I did not have the opportunity to experience the Lin-Manuel Miranda musical “Hamilton” when it was playing off-Broadway, but I’m so glad I did get to see it on Broadway. Miranda did the book, music and lyrics and portrays the lead role of Alexander Hamilton. His new musical tells a historical story, but he does it using hip-hop dance moves and having himself and his fellow historic character rap their message.

It was a blast to sit in the Richard Rodgers Theatre on West 46th Street and hear the historic tale of Hamilton—what he accomplished in his life and his downfalls. The audience gets to meet all the people who played important roles in his life, from his family to political figures of the time who were both friends and foes. We see the Hamilton who worked closely with George Washington, we see the brilliant man who voiced his views about Britain’s control and we see the man who befriended Aaron Burr, only to eventually meet his death at Burr’s hand.
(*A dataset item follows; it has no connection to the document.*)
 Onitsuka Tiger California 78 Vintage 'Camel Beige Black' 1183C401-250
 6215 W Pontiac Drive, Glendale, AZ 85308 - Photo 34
Miranda tells this story with such an original, engaging approach. This show would be great for students to see when studying this period of history. The raps are understandable, entertaining and at times funny. Young people will truly find themselves engaged by the captivating hip-hop choreography by Andy Blankenbuehler that is featured throughout the production. “Hamilton” has a cast that is magnificent and characters you will not soon forget.

I love the way Miranda portrayed King George as a very cruel but funny tyrant. Jonathan Groff played the role and was hilarious from the time he stepped on stage. This production has a fabulous, ethnically mixed cast. There are several Blacks and Hispanics, and it is delightful to see them portraying these historic characters. Non-traditional casting is alive and well and poignantly demonstrated in this musical.

In addition to Miranda as Hamilton, perfect non-traditional casting choices included Drama Desk Award winner Renee Elise Goldsberry as Angelica Schuyler, Phillipa Soo as Elisa Schuyler, Leslie Odom Jr. as Aaron Burr, Christopher Jackson as George Washington, Daveed Diggs as Thomas Jefferson and Marquis de Lafayette and Okieriete Onaodowan as James Madison and Hercules Mulligan.

I love to see when a production is well-thought-out, cast and executed, and “Hamilton” definitely is. Miranda’s use of hip-hop dance moves, raps and presenting subject matter in an attractive way was demonstrated with his first work “In the Heights,” for which he was composer and lyricist while also starring as the character Usnavi. That show also started off-Broadway and was successfully transferred to Broadway, where it garnered him four Tony Awards, including Best Musical.

Go see “Hamilton” and enjoy learning history!